It has consistently been found over the years to be lacking in a
number of areas. Unfortunately, working on pg_dump isn't sexy and it
is difficult to get volunteers or even paid resources to do such a
thing. The real solution for pg_dump is a complete refactor which
includes pg_dumpall and it is not a small undertaking. It should be
noted that it is also a less and less used program. On our team it
is normally used for only very specific needs (grabbing a schema)
and we use binary backups or logical replication to receive specific
data.

Huh? Are you saying that there is another, superior way to back up PostgreSQL databases other than pg_dump? I re-read the manual on it just now, but didn't see a single word about it being "legacy" or "deprecated" or even that there's any other way to do it. What do you mean?

It is not deprecated or legacy and it is still used by many. The issue is that people try to do 'partial' dumps without reading the docs on what those switches actually do and the potential conflicts therein. For large installations there it is often better to use some form of replication(binary and/or logical) to maintain a continuous backup. pg_dump can take a long time on very big databases, so it may not keep up.
Well, I've never done partial backups, frankly because I don't trust it to actually work. Full backups may be more wasteful with disk space, but at least "makes sense" in some abstract way. (Also, I try to keep as little data as possible, so they are never *gigantic*.)
This is really using the wrong tool for the job type of issue. PG
was never designed for such a scenario.

I hate the "wrong tool for the job" argument. It assumes that everyone has infinite time, energy and brain capacity to learn endless redundant tools just to "use the right tool for the job" rather than "use what you actually know". I know PG. I don't know SQLite. They are very different. So obviously, I want to use PG.
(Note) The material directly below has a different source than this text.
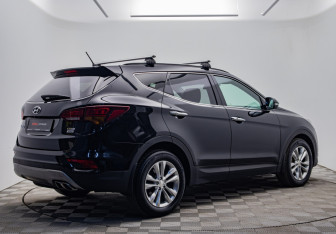 Подержанный автомобиль Hyundai Santa Fe 2016 года (5 фото)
This comes down to what your definition of embedded is? A matter of determining whether we are talking apples or oranges.
Just what I said in my original question. Something which is bundled and invisible to the user.

While I understand what you mean, and even agree in theory, in practice, this always results in crappy third-party solutions which I don't want to deal with. PostGIS, for example, forces me to use "postgis" for its schema instead of "PostGIS" just because they arrogantly didn't construct their internal queries properly. "Little" things like that.

Huh? A schema is just a name space, why does it matter how the extension chooses to define it? I mean you could have number of permutations of postgis.
I'm saying that PostGIS has a bug due to incorrectly constructed internal queries which makes it impossible to properly name the schema where PostGIS is to reside, causing my database to look very ugly when it has to say "postgis" instead of "PostGIS" for PostGIS's schema. And that was an example of how sloppy/bad third-party things always are, and is one reason why I don't like it when I have to rely on "extensions".
I know that writing documentation isn't fun, but it's necessary. Also, my overall point was to not even have to deal with the specifics, but just be able to tell PG with a single config option that it's allowed to "use most of the machine's resources".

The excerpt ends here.